### What this task involves
Everything in the records except the pictures must be copied out exactly.

### Material to process
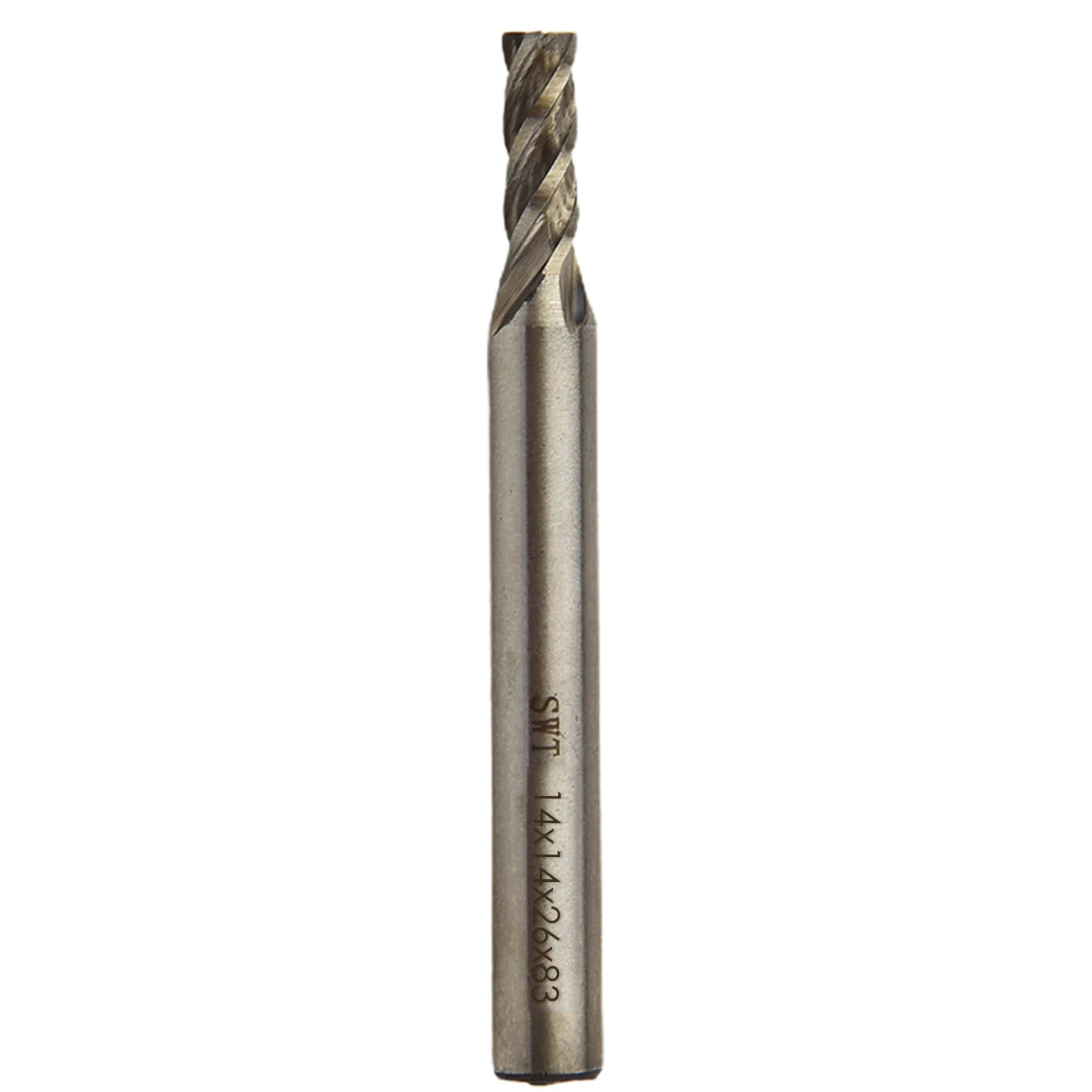 HSS 4 Flute Straight Shank End Mill Cutter Drill Bit Tools High Speed Cutting Suitable for Copper Aluminum Tool Steel
HSS 4 Flute Straight Shank End Mill Cutter Drill Bit Tools High Speed Cutting Suitable for Copper Aluminum Tool Steel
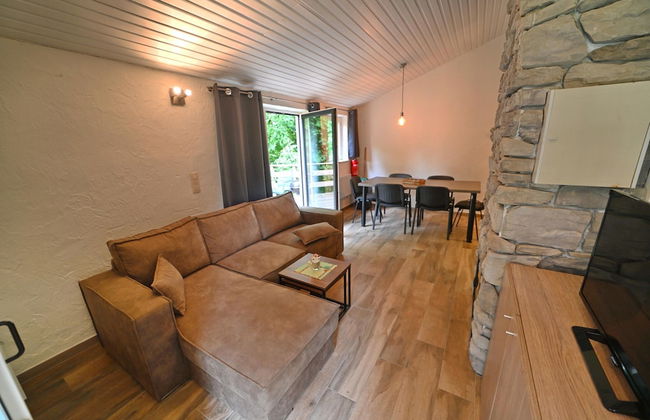 Bungalow in Virton by Vallee de Rabais Lake - Foto 9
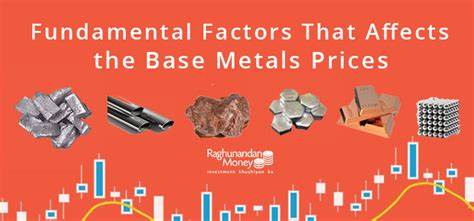 Base Metal Prices Slide as U.S. Dollar Strengthens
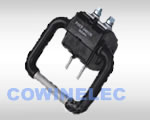 PJJCF10 type piercing grounding connector (1kv)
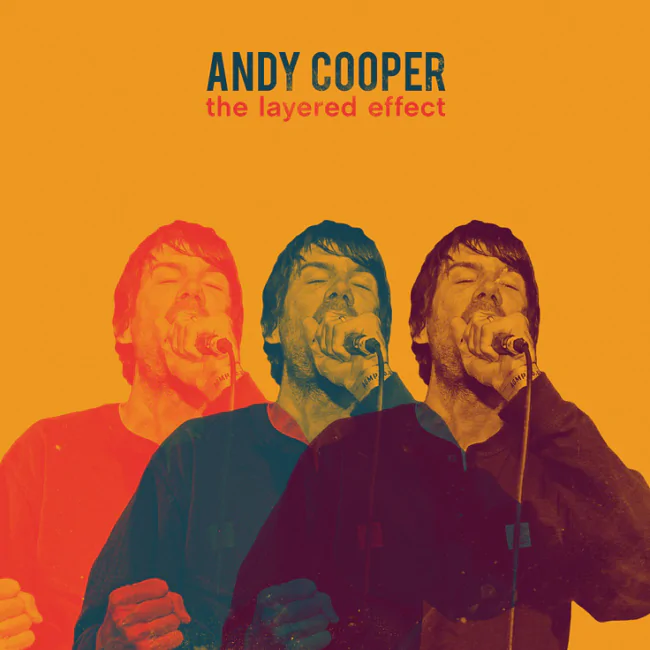US rapper/producer ANDY COOPER Unveils his second solo LP ‘The Layered Effect’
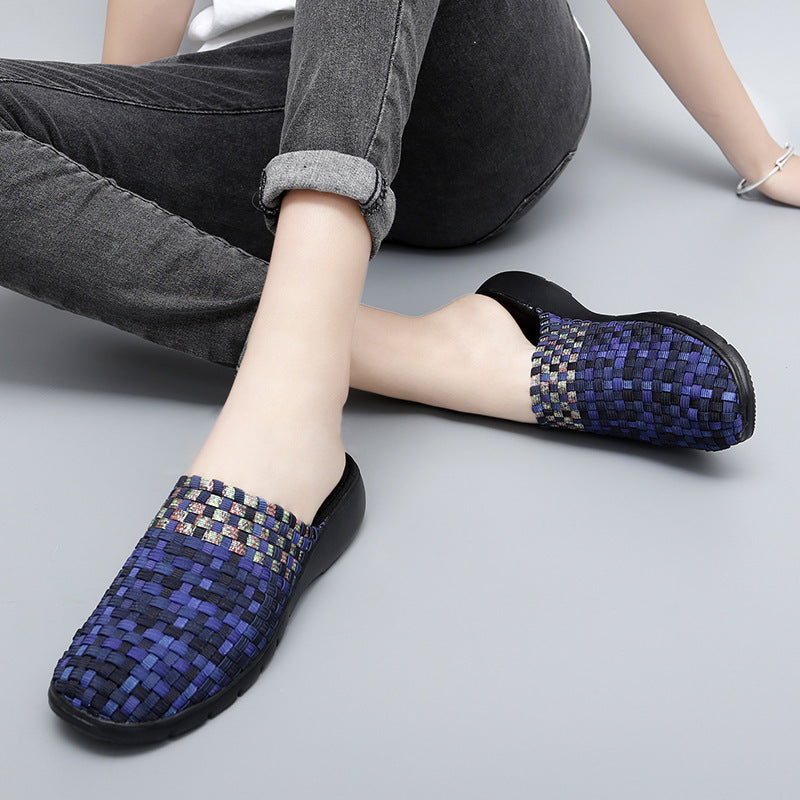 Dames Klompen Ademend Design voor Casual Gebruik 1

### Solution below
 HSS 4 Flute Straight Shank End Mill Cutter Drill Bit Tools High Speed Cutting Suitable for Copper Aluminum Tool Steel
HSS 4 Flute Straight Shank End Mill Cutter Drill Bit Tools High Speed Cutting Suitable for Copper Aluminum Tool Steel
 Bungalow in Virton by Vallee de Rabais Lake - Foto 9
 Base Metal Prices Slide as U.S. Dollar Strengthens
 PJJCF10 type piercing grounding connector (1kv)
US rapper/producer ANDY COOPER Unveils his second solo LP ‘The Layered Effect’
 Dames Klompen Ademend Design voor Casual Gebruik 1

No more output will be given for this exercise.